Death Sentence is a robust film. Robust and sweaty, like John Goodman’s jowls. Kevin Bacon sizzles as anti-hero Nick Hume, acting out moments of epiphany, despair and violence with aplomb, despite being the worst risk-assessment analyst of all time. After telegraphing to the world-at-large his war on a tribe of young criminals, why he didn’t hightail his family out of town only the studio could say. We gloss over similar jumps in story logic in exchange for out of breath steadicam work (watch for that masterful long take during a daytime ambush), KB doing his best impression of NE, and superb stunts that elevate Death Sentence above the standard fare.

ROUND 2: To our supp;lies, Death Sentence takes itself seriously. Back at home from his first vengeful act, Bacon explores the edges Nick’s sanity, and conveys the delayed catharsis of a father who has taken an irrevocable step (forward?) into the abyss. However, lacking the same methodical surehandedness that benefited James Wan’s Saw series, Sentence overreaches for “moments” at key points, accompanied by too frequent theming of Charlie Clouser’s capable original score.  Groans, guffaws and sighs from the elderly couple in front of us buoyed these melodramatic scenes, allowing us to get back to the gutsy follow through of the film’s second act. These retired seniors knew the score — they had smuggled in their own microwave popcorn.

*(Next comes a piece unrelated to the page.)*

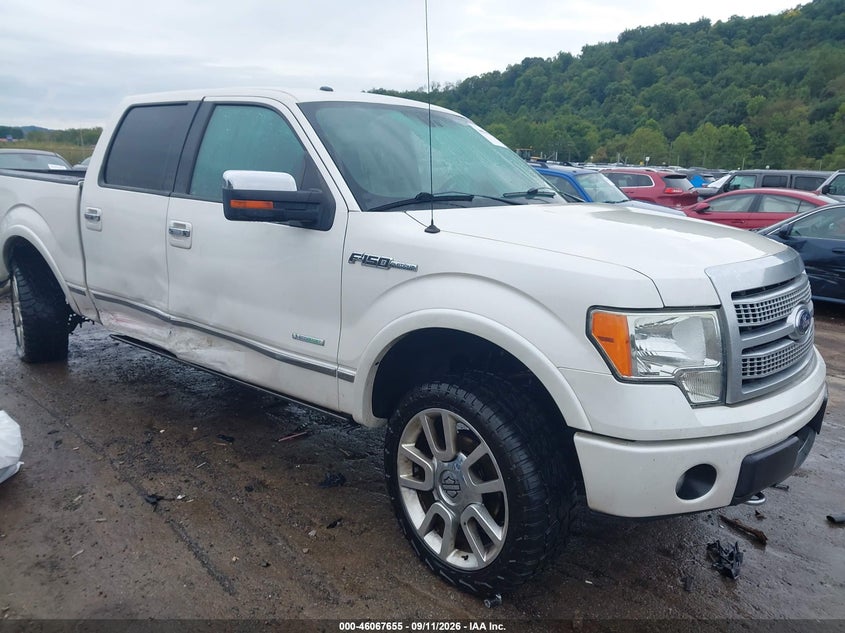 2012 FORD F-150 PLATINUM | 1FTFW1ET5CFC30975 | UPCARS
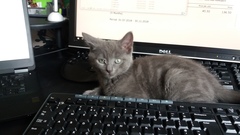 Is she a Russian Blue or have I been ripped off?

Fun as usual were the siphoned-down elements of  Taxi Driver, the schlock scammed from Martin Scorcese’s masterpiece. However, lacking the languid swelter, delusional poetry, and operatic craziness of Taxi Driver, Death Sentence hums along in to its natural conclusion like a one-person shooter with a lame ending, as the decision to omit the coup de grace fails a film predicated on the notion of an “eye for an eye.”

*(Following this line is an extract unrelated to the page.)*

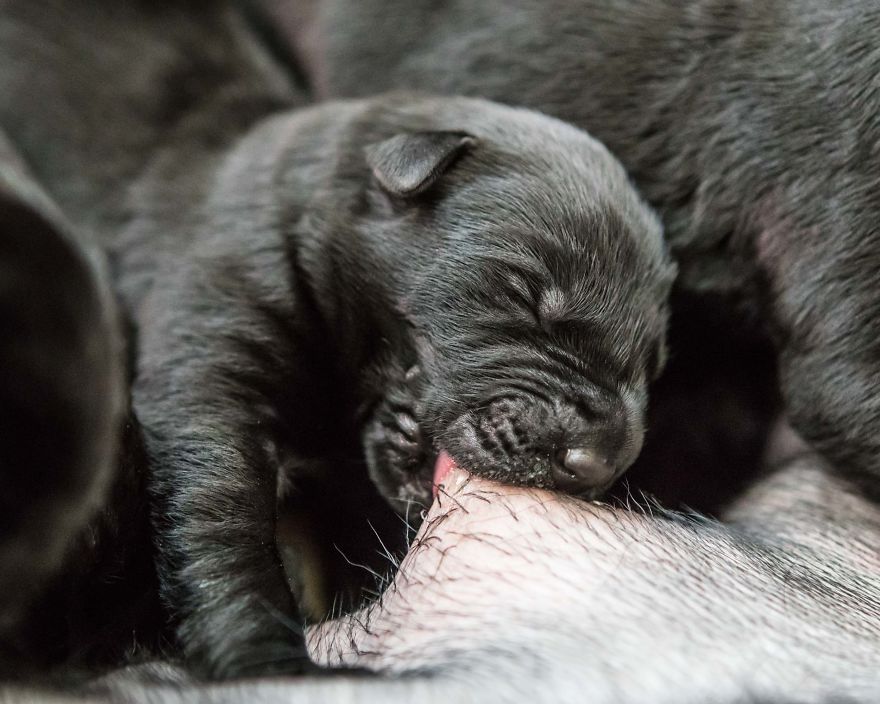 Our Family Adopted A Young Labrador And She Surprised Us With 12 Puppies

Death Sentence, go figure, is about the grieving process – if you don’t know what that means than you’re still in the Stage 1. For those who have prematurely lost a close family member should be affected by Nick’s crisis of faith in the face of tragedy, if not the visceral need for retribution and his sense of moral indignation. More compelling is that for every aging Gen X’er that harbors disdain toward the younger set, Death Sentence cultivates the fantasy that beneath every thirty-something’s mild-mannered Dadness lurks an animal that can still run with the wolves, and with wily experience, best them. Heck, they didn’t even see it coming.

Additional Recommend: Bernard Herrmann’s Grammy Award Winning Original Score for Taxi Driver, It’s ominous, plodding, and downright scary.